Re-entrant GroupedGridReduction by naoyam · Pull Request #1727 · csarofeen/pytorch

naoyam · 2022-05-24T22:09:47Z

Enable re-entrance with GroupedGridReduction. Mostly just copied the logic already implemented for GridReduction to GroupedGridReduction.

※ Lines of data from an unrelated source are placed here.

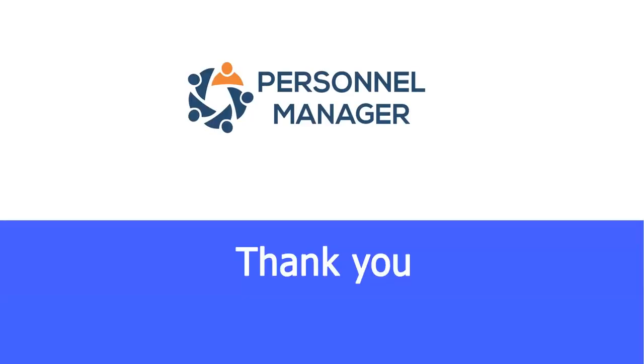If you have further questions or concerns, please send us an email at support at personnelmanager.com.au. Thank you. Bye.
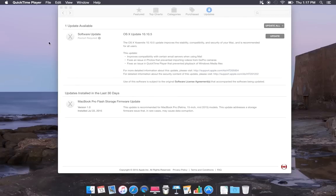Hey YouTube fans, today I'm going to talk about OS X update 10.10, 10.10.5. This is basically stable compatibility security for your Mac and also recommended for all users.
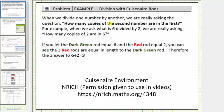When we divide one number by another, we are really asking the question: how many copies of the second number are in the first? For example, when we ask what is six divided by two, we are really asking how many copies of two are in six.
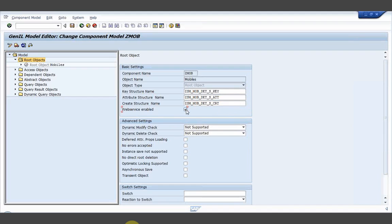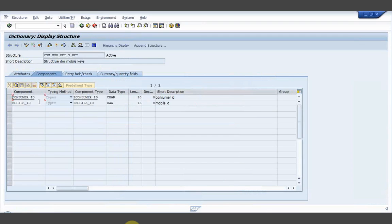I am putting web service enabled so that in a next session we would be creating a web service based on this — that is for future use. The key structure contains Consumer ID and Mobile ID from the ZSM mobile details transparent table. We are ignoring the mandatory client field. The attribute structure should provide the complete details — Consumer ID, Mobile ID, Purchase Date, and Credit Rating. These are all the fields of ZSM mobile details transparent table. The create structure also contains Consumer ID and Mobile ID as mandatory fields, and my organization always wants Purchase Date as a create field as well, so I have added one more field.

See FusionGroupedReductionChannelsLastBatchNormLike. The two grid reductions with vectorized iteration domains are grouped as:

  #pragma unroll
  for(nvfuser_index_t i241 = 0; i241 < 2; ++i241) {
    // Allocate global tensor T16
    // Allocate global tensor T17
    // Allocate global tensor T18
    reduction::gridReduceGroup<false, true, false, false, true, false, false>(
      T5[i241],
      T15[i241],
      float(0),
      [](float &a, float b) { a = a + b; },
      &T16[0],
      T9[i241],
      T14[i241],
      float(0),
      [](float &a, float b) { a = a + b; },
      &T17[0],
      &T18[0],
      shared_mem,
      true,
      true,
      i241,
      2,
      T19[0],
      T19[1]);
  }

naoyam · 2022-05-24T22:10:31Z

-  const nvfuser_index_t entrance_ind_ = PERSISTENT_REDUCTION ? 0 : entrance_ind;
-  const nvfuser_index_t n_entrances_ = PERSISTENT_REDUCTION ? 1 : n_entrances;


Just removed unused variables

naoyam · 2022-05-24T22:12:57Z

  }
 }

+inline void clearL2Cache() {


Just copied from the benchmark directory as I'm doing ad-hoc perf testing in the C++ test files.

csarofeen

LGTM

csarofeen · 2022-05-25T14:44:21Z

+
+  auto tv0_cache = tv0->cacheAfter();
+
+  const int vec = 2;


Out of curiosity what does the heuristics select if it's not grouped? Can the heuristics/scheduler run after grouping?

scheduler_params output:

===== Reduction Stats ======== total_reduction_numel: 99 total_iteration_numel: 999 vectorize_factor: 1 n_tensor_inputs: 1 max_input_dtype_size: 4 block(16, 16, 1) ===== Reduction Parameters ======== Red On Slow Dim Iteration Domain: blockIdx.x / threadIdx.x / multiple reductions per block / Inner Reduction Domain: cross block - threadIdx.y / unroll / factor 4 Launch Parameters: BlockDim.x = 16, BlockDim.y = 16, BlockDim.z = -1, GridDim.x = -1, GridDim.y = -1, GridDim.z = -1, Smem Size = 0 ==================================== ===== Reduction Stats ======== total_reduction_numel: 99 total_iteration_numel: 999 vectorize_factor: 1 n_tensor_inputs: 1 max_input_dtype_size: 4 block(16, 16, 1) ===== Reduction Parameters ======== Red On Slow Dim Iteration Domain: blockIdx.x / threadIdx.x / multiple reductions per block / Inner Reduction Domain: cross block - threadIdx.y / unroll / factor 4 Launch Parameters: BlockDim.x = 16, BlockDim.y = 16, BlockDim.z = -1, GridDim.x = -1, GridDim.y = -1, GridDim.z = -1, Smem Size = 0 ====================================

Grouping before scheduling currently fails as expressions are changed from ReducitonOp to GroupedReductionOp. Just making it work would be likely just some mechanical changes.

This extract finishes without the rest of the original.